Honors Passports are signature events that the University Honors Program hosts each year – things like 60 Second Lectures, Honors Summit, This is Honors, Food for Thought, and the Honors Lecture Series. Spotlight Passports include Non-Honors events around campus that we (Honors Faculty Leadership and SHAC) believe the community should and would benefit from attending. 

A Contemplation in Action (CIA) is made up of two parts: an action, and a contemplation about said action. CIAs require participation in a meaningful service event that directly helps the community at or around LMU. After the event, students must submit a brief reflection on the service event to the Honors Community Brightspace. Further instructions are included with the assignment on Brightspace.

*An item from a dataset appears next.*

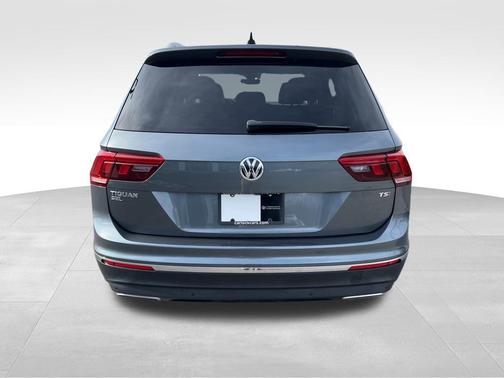 2018 Volkswagen Tiguan 2.0T SEL Premium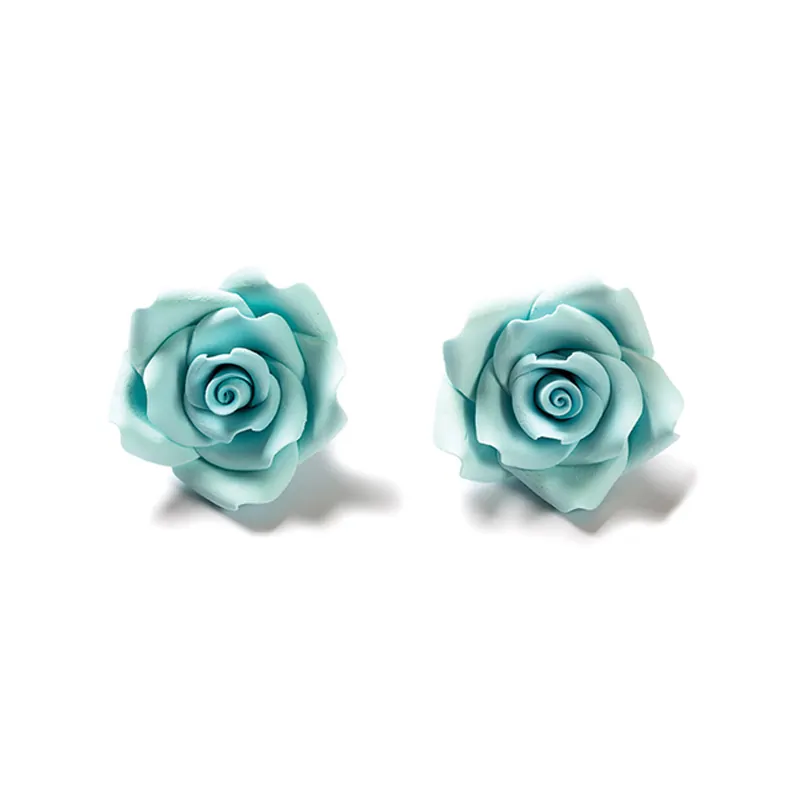 Suikerdecoraties 8 licht blauwe rozen 2 cm bij cake, bake & love 5 Suikerdecoraties 8 licht blauwe rozen 2 cm - afbeelding 2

Possible CIA events include but are not limited to: beach cleanups, community gardening, tutoring with El Espejo, volunteering at Fright Night, harm reduction work, or any service event held by one of LMU’s 10 service orgs. If you get paid for participating, or receive class credit for whatever your event is, it cannot count as a CIA. 

Thesis Requirements

Each and every Honors Student is required to complete an Honors Thesis as part of their Honors Curriculum. The Honors Thesis is the culmination of a University Honors Program student’s time at LMU and it stands as one of the concrete representations of all that you have accomplished throughout your time in the Honors Program.  In addition, the thesis stands as part of your legacy, to LMU in general and to the University Honors Program in particular.

Your Honors Thesis is fulfilled by completing original scholarly work through either an individualized Honors section, or a thesis-equivalent project or course within your major. In either case, you are expected to produce an artifact that reports on or represents the work performed for the option that applies to you. Examples include a scholarly paper, a screenplay, a recital or other live performance, a work of art, or an open source hardware/software project. 

This work is mentored and graded by a faculty advisor who is formally identified prior to starting your project. For your own individualized Honors Section, this faculty member serves as the instructor for your individualized section of that course. For thesis-equivalent projects within your major, this faculty member served as the instructor for that course. In either case, your faculty advisor is asked to grade and sign off on the final version of your thesis.